"Fame requires every kind of excess. I mean true fame, a devouring neon, not the somber renown of waning statesmen or chinless kings. I mean long journeys across gray space. I mean danger, the edge of every void, the circumstance of one man imparting an erotic terror to the dreams of the republic. Understand the man who must inhabit these extreme regions, monstrous and vulval, damp with memories of violation. Even if half-mad he is absorbed into the public's total madness; even if fully rational, a bureaucrat in hell, a secret genius of survival, he is sure to be destroyed by the public's contempt for survivors. Fame, this special kind, feeds itself on outrage, on what the counselors of lesser men would consider bad publicity - hysteria in limousines, knife fights in the audience, bizarre litigation, treachery, pandemonium and drugs..."
And so begins Don Delillo's incredible novella Great Jones Street. It's a killer paragraph that came to mind when listening to the second album by The 1975. Not just because its cover features a neon sign, and their nonsense title that would make any prog-lovin' Fiona Apple fan wince (seems as wry and silly as some of those Godspeed ones, to me).
You'll likely only be wincing at it if everything you know about The 1975 is by reputation: that they’ve got a fanbase rivalled only by One Direction (and they’re sort of The Rolling Stones to 1D’s less-edgy Beatles), and that their peacock of a singer says things in interviews that are so ridiculous that it seems the only media training he’s ever had involved meeting Noel Gallagher in a lift. Perhaps you're grimacing at the title because you're a #REALMUSIC fan, who has heard some of their garish Duran Duran-meets-Panic at the Disco pop bangerz. But oh! how wonderfully garish it all is. And oh! they’re so exciting, interesting and oh! what a much-needed band they are.
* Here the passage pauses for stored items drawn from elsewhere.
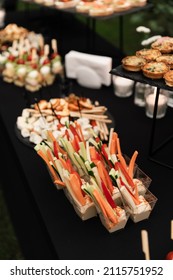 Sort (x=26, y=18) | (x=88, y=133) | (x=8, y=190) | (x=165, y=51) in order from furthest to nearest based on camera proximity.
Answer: (x=26, y=18) → (x=8, y=190) → (x=88, y=133) → (x=165, y=51)

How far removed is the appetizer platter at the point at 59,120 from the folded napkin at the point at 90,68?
42 cm

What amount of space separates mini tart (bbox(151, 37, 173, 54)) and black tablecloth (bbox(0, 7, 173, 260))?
1.68ft

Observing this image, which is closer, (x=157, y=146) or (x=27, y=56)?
(x=157, y=146)

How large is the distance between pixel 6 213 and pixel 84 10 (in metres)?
1.71

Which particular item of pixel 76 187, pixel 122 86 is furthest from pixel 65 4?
pixel 76 187

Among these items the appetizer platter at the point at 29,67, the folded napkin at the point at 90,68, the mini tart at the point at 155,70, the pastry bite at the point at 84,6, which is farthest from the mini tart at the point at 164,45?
the pastry bite at the point at 84,6

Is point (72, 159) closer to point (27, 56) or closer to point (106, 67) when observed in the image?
point (106, 67)

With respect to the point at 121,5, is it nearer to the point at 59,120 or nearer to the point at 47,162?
the point at 59,120

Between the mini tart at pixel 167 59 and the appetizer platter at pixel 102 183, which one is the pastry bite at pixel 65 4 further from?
the appetizer platter at pixel 102 183

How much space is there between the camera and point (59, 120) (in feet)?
6.65

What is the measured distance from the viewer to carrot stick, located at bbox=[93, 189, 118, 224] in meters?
1.34

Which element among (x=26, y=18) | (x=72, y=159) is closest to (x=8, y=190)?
(x=72, y=159)

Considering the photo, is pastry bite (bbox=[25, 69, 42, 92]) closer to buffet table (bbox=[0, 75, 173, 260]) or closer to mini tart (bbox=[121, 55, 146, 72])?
buffet table (bbox=[0, 75, 173, 260])

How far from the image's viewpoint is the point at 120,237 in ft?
4.75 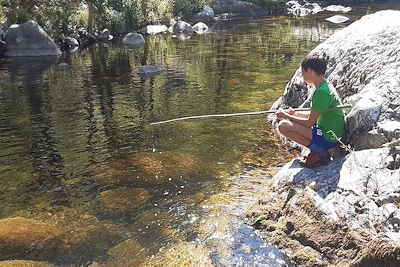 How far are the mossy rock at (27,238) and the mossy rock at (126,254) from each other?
2.97ft

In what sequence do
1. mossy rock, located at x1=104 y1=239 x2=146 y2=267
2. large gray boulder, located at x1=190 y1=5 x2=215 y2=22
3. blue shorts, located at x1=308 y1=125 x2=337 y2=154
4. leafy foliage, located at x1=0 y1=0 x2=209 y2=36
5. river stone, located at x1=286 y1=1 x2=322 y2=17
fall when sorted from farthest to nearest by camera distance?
1. river stone, located at x1=286 y1=1 x2=322 y2=17
2. large gray boulder, located at x1=190 y1=5 x2=215 y2=22
3. leafy foliage, located at x1=0 y1=0 x2=209 y2=36
4. blue shorts, located at x1=308 y1=125 x2=337 y2=154
5. mossy rock, located at x1=104 y1=239 x2=146 y2=267

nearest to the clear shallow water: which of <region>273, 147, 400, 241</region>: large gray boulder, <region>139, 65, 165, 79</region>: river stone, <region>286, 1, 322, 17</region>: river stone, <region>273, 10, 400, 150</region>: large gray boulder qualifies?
<region>139, 65, 165, 79</region>: river stone

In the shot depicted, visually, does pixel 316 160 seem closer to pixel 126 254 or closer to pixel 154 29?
pixel 126 254

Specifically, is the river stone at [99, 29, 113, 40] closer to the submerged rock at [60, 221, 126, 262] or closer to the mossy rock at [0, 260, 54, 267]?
the submerged rock at [60, 221, 126, 262]

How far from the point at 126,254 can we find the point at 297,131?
10.8 feet

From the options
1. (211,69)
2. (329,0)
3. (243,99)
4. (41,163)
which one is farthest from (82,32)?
(329,0)

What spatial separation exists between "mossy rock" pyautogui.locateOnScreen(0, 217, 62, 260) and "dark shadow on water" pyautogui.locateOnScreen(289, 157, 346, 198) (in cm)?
Result: 376

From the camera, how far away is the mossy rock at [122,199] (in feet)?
26.5

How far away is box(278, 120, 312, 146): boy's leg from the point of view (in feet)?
25.2

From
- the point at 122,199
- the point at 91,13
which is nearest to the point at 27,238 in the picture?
the point at 122,199

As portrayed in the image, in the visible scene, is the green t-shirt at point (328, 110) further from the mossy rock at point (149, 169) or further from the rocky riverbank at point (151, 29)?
the rocky riverbank at point (151, 29)

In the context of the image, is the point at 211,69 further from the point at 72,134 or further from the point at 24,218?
the point at 24,218

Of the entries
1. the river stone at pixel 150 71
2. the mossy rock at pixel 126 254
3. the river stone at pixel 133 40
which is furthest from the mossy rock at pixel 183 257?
the river stone at pixel 133 40

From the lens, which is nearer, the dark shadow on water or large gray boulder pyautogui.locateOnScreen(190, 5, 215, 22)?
the dark shadow on water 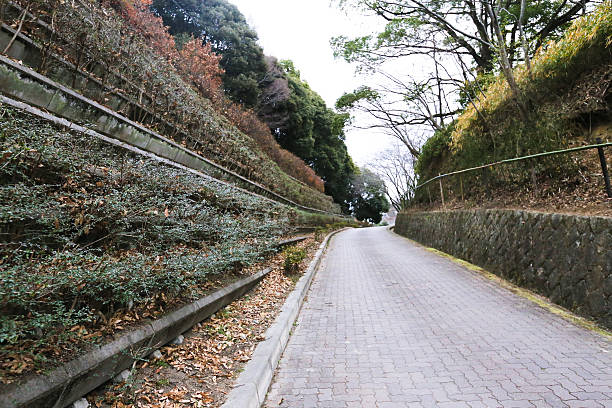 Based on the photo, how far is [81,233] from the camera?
3.10 m

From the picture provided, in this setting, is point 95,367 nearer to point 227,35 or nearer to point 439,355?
point 439,355

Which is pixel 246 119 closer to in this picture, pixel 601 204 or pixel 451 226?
pixel 451 226

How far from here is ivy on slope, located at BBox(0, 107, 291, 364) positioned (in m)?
2.09

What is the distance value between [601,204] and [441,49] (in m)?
10.1

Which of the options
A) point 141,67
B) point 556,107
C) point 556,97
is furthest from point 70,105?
point 556,97

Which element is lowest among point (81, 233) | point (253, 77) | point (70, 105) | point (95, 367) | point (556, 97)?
point (95, 367)

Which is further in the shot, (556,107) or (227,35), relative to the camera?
(227,35)

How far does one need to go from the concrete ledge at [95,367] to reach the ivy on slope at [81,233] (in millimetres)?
226

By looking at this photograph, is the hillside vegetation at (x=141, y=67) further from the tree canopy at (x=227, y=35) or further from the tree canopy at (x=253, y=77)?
the tree canopy at (x=253, y=77)

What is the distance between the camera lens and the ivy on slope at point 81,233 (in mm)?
2090

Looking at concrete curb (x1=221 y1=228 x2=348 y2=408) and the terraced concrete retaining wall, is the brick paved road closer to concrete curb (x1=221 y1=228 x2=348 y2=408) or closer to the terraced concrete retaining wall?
concrete curb (x1=221 y1=228 x2=348 y2=408)

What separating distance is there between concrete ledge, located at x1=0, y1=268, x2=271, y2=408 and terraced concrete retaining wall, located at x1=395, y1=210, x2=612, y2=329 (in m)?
5.39

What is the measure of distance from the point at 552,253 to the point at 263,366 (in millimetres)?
5208

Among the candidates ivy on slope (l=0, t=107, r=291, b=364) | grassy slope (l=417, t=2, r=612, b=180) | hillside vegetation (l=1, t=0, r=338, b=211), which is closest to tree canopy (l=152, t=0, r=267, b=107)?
hillside vegetation (l=1, t=0, r=338, b=211) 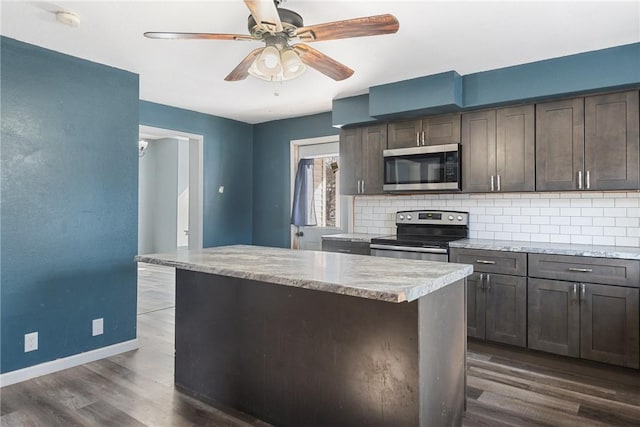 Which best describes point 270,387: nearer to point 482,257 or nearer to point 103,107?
point 482,257

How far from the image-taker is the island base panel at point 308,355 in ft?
5.57

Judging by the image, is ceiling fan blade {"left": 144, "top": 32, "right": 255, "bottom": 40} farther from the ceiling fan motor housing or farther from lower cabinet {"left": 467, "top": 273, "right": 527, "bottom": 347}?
lower cabinet {"left": 467, "top": 273, "right": 527, "bottom": 347}

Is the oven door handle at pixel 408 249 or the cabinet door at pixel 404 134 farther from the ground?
the cabinet door at pixel 404 134

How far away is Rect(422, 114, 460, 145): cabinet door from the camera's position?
3.68m

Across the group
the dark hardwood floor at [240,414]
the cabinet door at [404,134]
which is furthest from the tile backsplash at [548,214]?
the dark hardwood floor at [240,414]

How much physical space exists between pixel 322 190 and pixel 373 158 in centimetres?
117

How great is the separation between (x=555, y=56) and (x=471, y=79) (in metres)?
0.65

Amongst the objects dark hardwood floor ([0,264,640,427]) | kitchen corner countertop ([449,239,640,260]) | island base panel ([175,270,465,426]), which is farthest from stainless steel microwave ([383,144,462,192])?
island base panel ([175,270,465,426])

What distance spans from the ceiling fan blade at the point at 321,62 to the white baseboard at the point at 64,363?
2.71 meters

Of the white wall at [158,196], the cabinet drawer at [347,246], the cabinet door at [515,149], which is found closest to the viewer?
the cabinet door at [515,149]

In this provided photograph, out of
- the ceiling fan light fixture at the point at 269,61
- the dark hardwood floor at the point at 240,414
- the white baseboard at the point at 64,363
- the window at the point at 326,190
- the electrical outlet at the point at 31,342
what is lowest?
the dark hardwood floor at the point at 240,414

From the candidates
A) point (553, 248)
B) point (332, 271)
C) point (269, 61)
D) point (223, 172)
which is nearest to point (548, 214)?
point (553, 248)

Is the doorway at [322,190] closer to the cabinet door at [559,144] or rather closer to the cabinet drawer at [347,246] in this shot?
the cabinet drawer at [347,246]

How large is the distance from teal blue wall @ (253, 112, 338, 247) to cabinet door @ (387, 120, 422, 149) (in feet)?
4.24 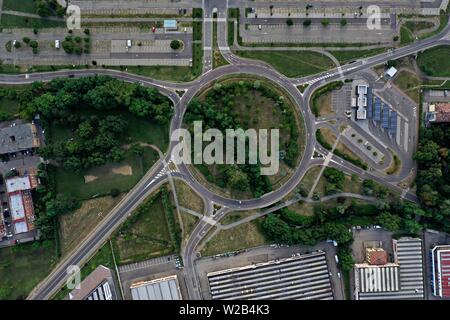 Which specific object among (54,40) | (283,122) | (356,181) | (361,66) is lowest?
(356,181)

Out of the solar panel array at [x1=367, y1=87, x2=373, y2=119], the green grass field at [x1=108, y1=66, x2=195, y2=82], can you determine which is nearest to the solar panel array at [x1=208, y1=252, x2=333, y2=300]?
the solar panel array at [x1=367, y1=87, x2=373, y2=119]

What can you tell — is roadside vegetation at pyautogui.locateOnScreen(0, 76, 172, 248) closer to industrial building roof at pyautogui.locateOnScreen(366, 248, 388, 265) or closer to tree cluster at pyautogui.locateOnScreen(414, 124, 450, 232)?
industrial building roof at pyautogui.locateOnScreen(366, 248, 388, 265)

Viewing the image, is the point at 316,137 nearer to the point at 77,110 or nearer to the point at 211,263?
the point at 211,263

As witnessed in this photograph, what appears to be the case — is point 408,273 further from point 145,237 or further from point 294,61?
point 145,237

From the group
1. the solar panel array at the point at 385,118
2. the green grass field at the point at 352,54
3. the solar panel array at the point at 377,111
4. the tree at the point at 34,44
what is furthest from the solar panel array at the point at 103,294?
the green grass field at the point at 352,54

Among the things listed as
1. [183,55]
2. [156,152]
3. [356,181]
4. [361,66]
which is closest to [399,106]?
[361,66]

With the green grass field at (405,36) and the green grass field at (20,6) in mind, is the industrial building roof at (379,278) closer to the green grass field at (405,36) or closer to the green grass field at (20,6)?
the green grass field at (405,36) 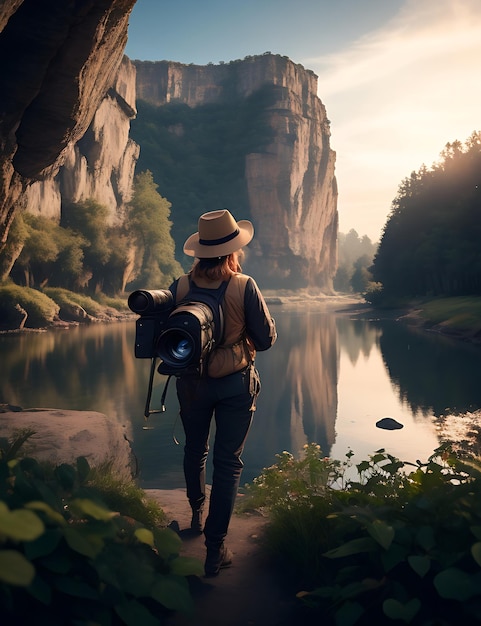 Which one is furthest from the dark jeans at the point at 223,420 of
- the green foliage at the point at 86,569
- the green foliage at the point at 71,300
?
the green foliage at the point at 71,300

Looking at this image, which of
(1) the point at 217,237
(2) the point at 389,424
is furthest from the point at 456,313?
(1) the point at 217,237

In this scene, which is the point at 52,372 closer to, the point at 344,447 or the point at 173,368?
the point at 344,447

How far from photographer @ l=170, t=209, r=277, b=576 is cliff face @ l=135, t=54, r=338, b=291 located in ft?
300

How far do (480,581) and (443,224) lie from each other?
142 feet

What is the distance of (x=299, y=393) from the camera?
47.7 feet

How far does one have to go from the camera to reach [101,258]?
4128 cm

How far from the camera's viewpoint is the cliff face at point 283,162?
9644 centimetres

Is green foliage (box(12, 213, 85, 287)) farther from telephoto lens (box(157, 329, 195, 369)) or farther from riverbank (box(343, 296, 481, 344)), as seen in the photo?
telephoto lens (box(157, 329, 195, 369))

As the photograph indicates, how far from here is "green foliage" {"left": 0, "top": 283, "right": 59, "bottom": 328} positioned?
2669 centimetres

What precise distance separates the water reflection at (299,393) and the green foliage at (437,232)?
15.5m

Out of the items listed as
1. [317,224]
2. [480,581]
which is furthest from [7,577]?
[317,224]

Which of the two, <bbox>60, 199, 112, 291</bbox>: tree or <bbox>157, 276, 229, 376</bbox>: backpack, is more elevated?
<bbox>60, 199, 112, 291</bbox>: tree

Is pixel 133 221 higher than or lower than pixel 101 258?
higher

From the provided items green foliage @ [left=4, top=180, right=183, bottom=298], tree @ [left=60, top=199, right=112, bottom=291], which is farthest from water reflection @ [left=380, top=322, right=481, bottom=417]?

On the surface, much like Gaga's Fame Monster, I like it when you sleep... is intended to be a record that wrestles with notoriety, and the associated delirium. Notions of 'true fame' come in and out of focus, amid talk of the ridiculousness of modern living, along with various confessions of the Hot Pixie Dream Boy. The fractured tales of a life lived with beauty and attention should be grating, and yet here we are, rubber-necking, gawpin', on the cusp of history, about to see The 1975 inevitably become one of the biggest bands on the planet - and rightly so!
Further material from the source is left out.